• Task brief: Word for word, transcribe the lines below and drop the pictures.

• Given entries:

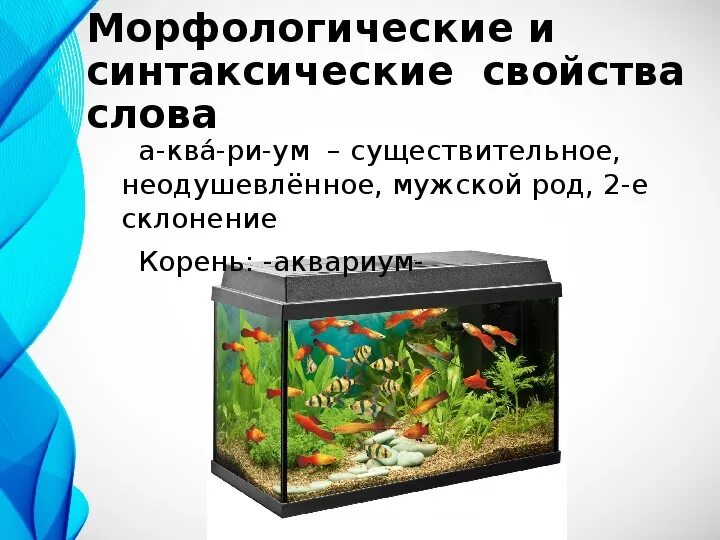 Аквариум значение. Словарное слово аквариум. слово аквариум. текст про аквариум. как произошло слово аквариум.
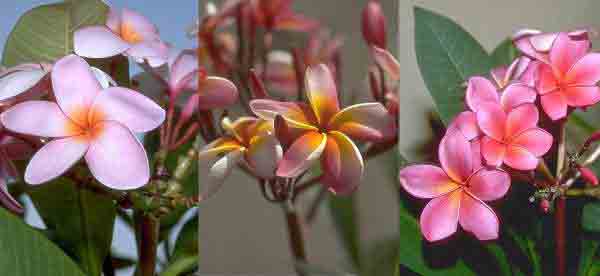 uc_plumeria_rubra.jpg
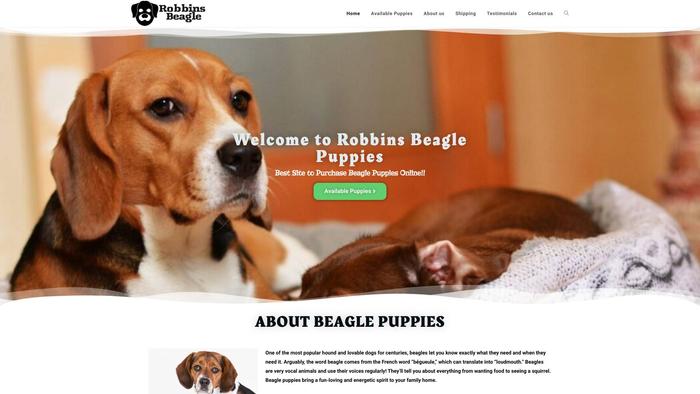 Robbinsbeaglepuppies.com - Beagle Puppy Scam Review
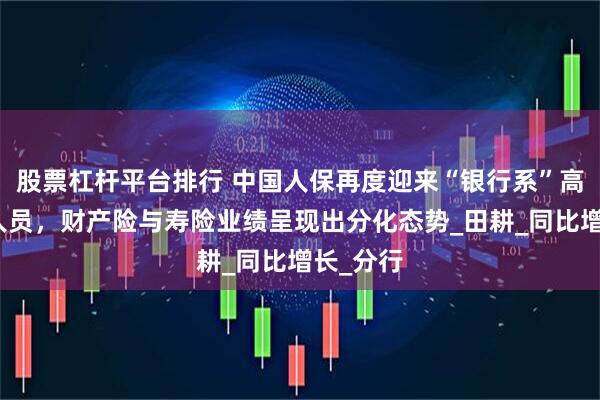 股票杠杆平台排行 中国人保再度迎来“银行系”高层管理人员，财产险与寿险业绩呈现出分化态势_田耕_同比增长_分行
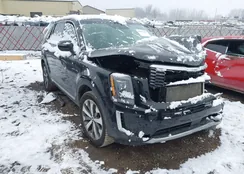 5XYP6DHC4LG084907: 41077284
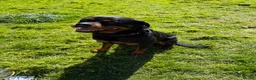 Rottweiler dogs for sale: Male 4 year old Rottweiler  - Advert 3
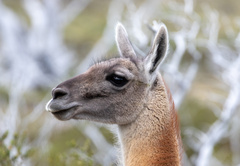 Lama guanicoe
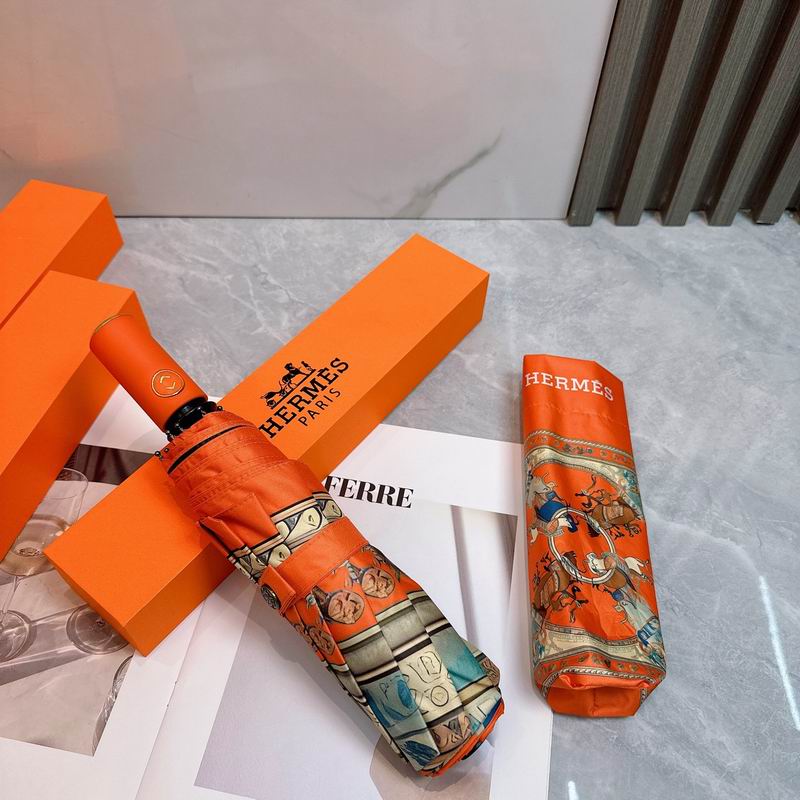 Hermes Umbrella (84)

• Problem solution:
 Аквариум значение. Словарное слово аквариум. слово аквариум. текст про аквариум. как произошло слово аквариум.
 uc_plumeria_rubra.jpg
 Robbinsbeaglepuppies.com - Beagle Puppy Scam Review
 股票杠杆平台排行 中国人保再度迎来“银行系”高层管理人员，财产险与寿险业绩呈现出分化态势_田耕_同比增长_分行
 5XYP6DHC4LG084907: 41077284
 Rottweiler dogs for sale: Male 4 year old Rottweiler  - Advert 3
 Lama guanicoe
 Hermes Umbrella (84)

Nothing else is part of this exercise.